Is Outsourcing the Solution to Low Endotoxin Recovery (LER)?

February 05, 2021

bottles on assembly line

This white paper reviews the causes contributing to low endotoxin recovery (LER), the impact it creates, as well as solutions which can rectify the issues it results in. We also discuss the advantages and disadvantages of developing your de-masking protocols in-house, and how you can use the ENDO-RS® de-masking tool kit to make the process easier from beginning to end.
Following this, we outline the pros and cons of outsourcing your de-masking project, what you should look for in a third-party company, and why you can and should trust bioMérieux with your de-masking protocol development.
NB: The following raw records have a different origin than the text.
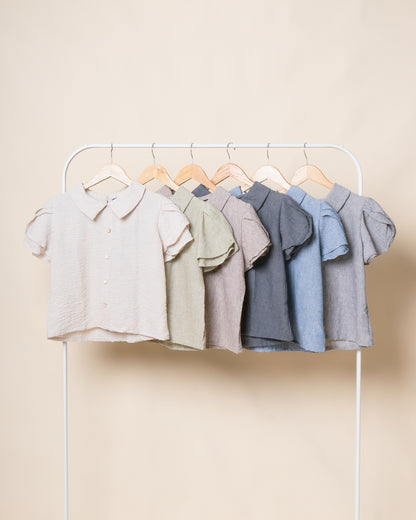 MARIETTE Button Up Linen Top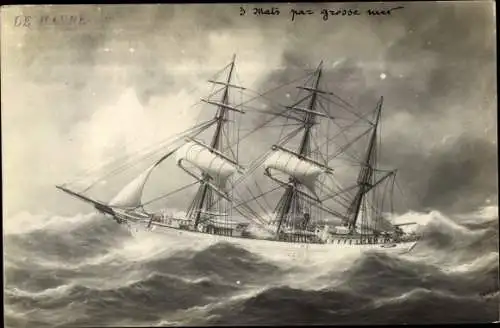 Ak Le Havre Seine Maritime, Dreimastschoner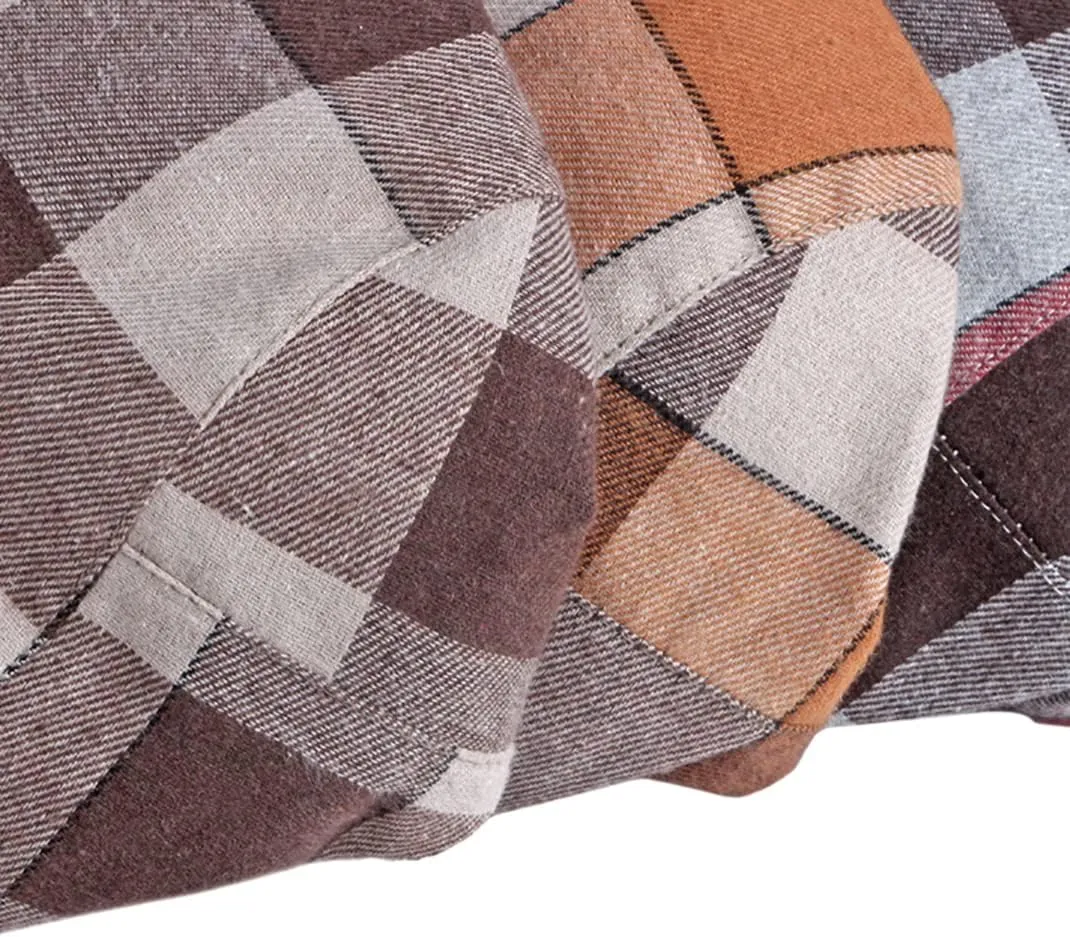 Gudessly Mens Adjustable Colorful Striped Plaid Ivy Newsboy Cabbie Gatsby Golf Cap Flat Cotton Hat Thin Cap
Without a shadow of a doubt, drugs are evolving. Consider, for example, how small molecules once dominated the pharmaceutical industry, yet today, there are increasing numbers of biologics such as antibodies and proteins on the market. Indeed, to date, there are over 400 recombinant therapies approved by the FDA, demonstrating how biologics provide advantages including increased efficacy and specificity, while reducing toxicity and the risk of adverse side-effects1,2.

Unfortunately, the processes used to produce stable biologic formulations often present a specific problem, namely that of endotoxin detection. Endotoxins are lipopolysaccharide molecules (LPS) from gram-negative bacterial cell walls that can cause severe immune responses in patients, resulting in sepsis, and even death3.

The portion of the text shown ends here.